| WORK REQUEST |
The listing below holds pictures; exclude them. Return exactly the lines from the one with "Pharmacogenomics Technology Market" through the one with "Standard Curve - Human".

| DATA IN THIS EXERCISE |
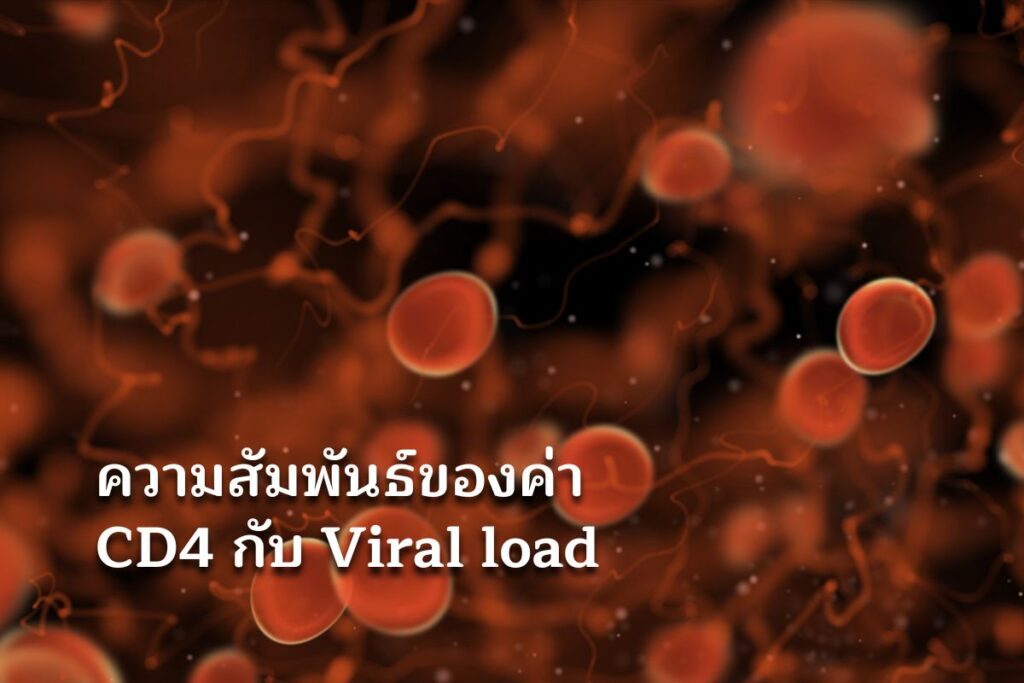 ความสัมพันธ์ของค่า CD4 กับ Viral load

==

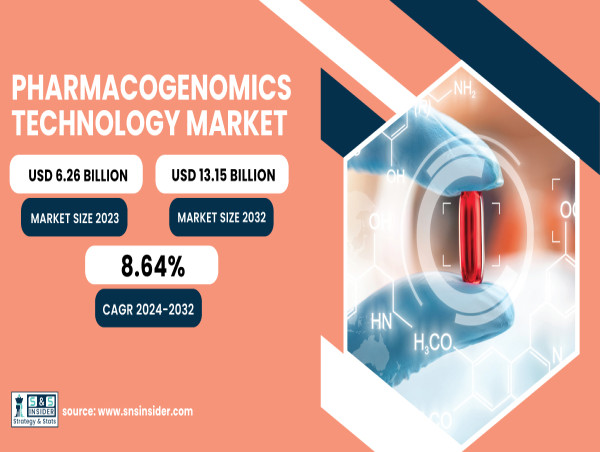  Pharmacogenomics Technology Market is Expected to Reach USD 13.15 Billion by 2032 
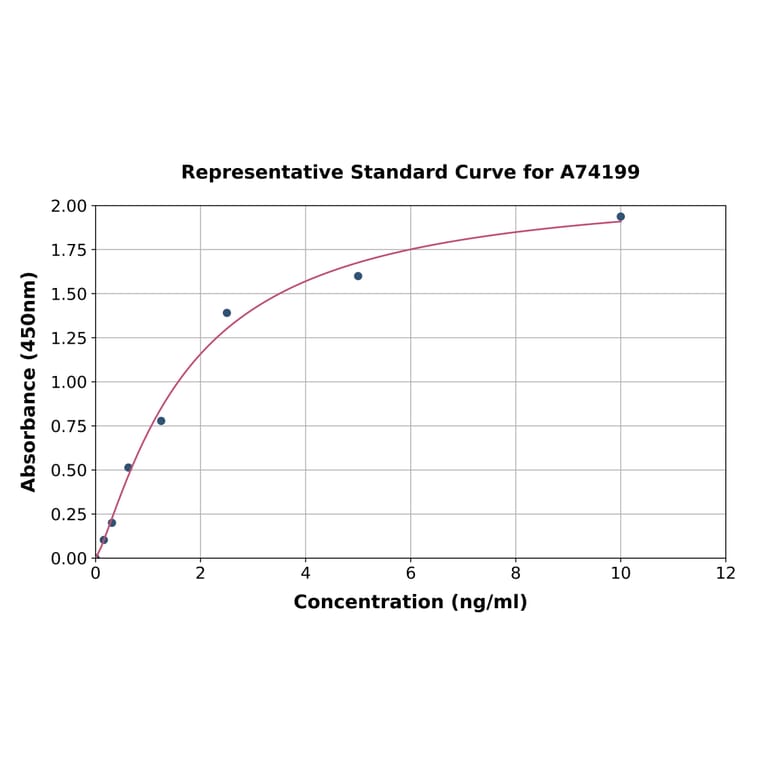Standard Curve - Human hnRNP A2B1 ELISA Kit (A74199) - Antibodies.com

---

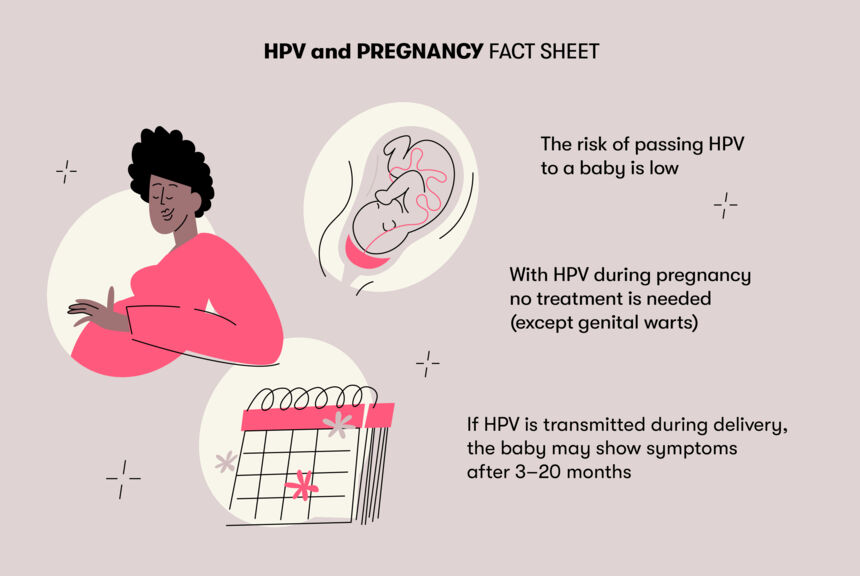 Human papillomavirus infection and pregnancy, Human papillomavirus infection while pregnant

| EXERCISE RESULT |
  Pharmacogenomics Technology Market is Expected to Reach USD 13.15 Billion by 2032 
Standard Curve - Human hnRNP A2B1 ELISA Kit (A74199) - Antibodies.com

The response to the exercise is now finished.